---- Collected data
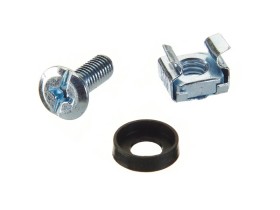 Крепежный набор, крестовой, размер M6*16 с прокладкой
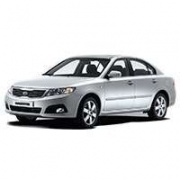 Kia Magentis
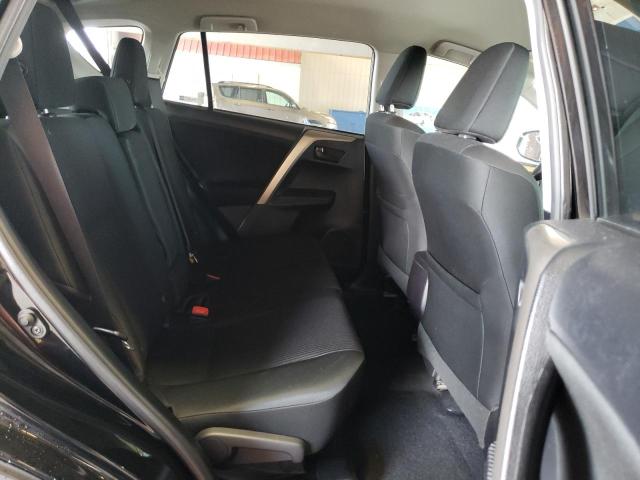 Photo 6 from auction – 2015 TOYOTA RAV4 LE with VIN 2T3BFREV5FW261399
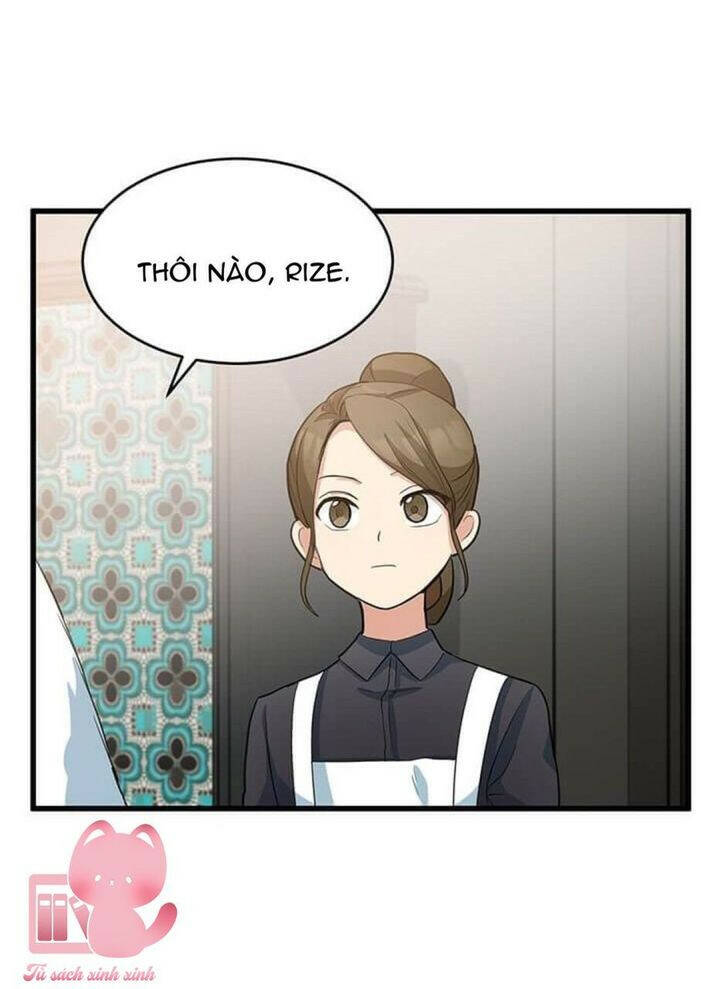 Ác Nữ Trùng Sinh Chap 46 - Next Chap 47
--------
**Task to complete:**
What do the lines above say from the line containing "Kia Magentis" through the last line? Quote them exactly, both ends included, and leave out the pictures.

**Exercise answer:**
 Kia Magentis
 Photo 6 from auction – 2015 TOYOTA RAV4 LE with VIN 2T3BFREV5FW261399
 Ác Nữ Trùng Sinh Chap 46 - Next Chap 47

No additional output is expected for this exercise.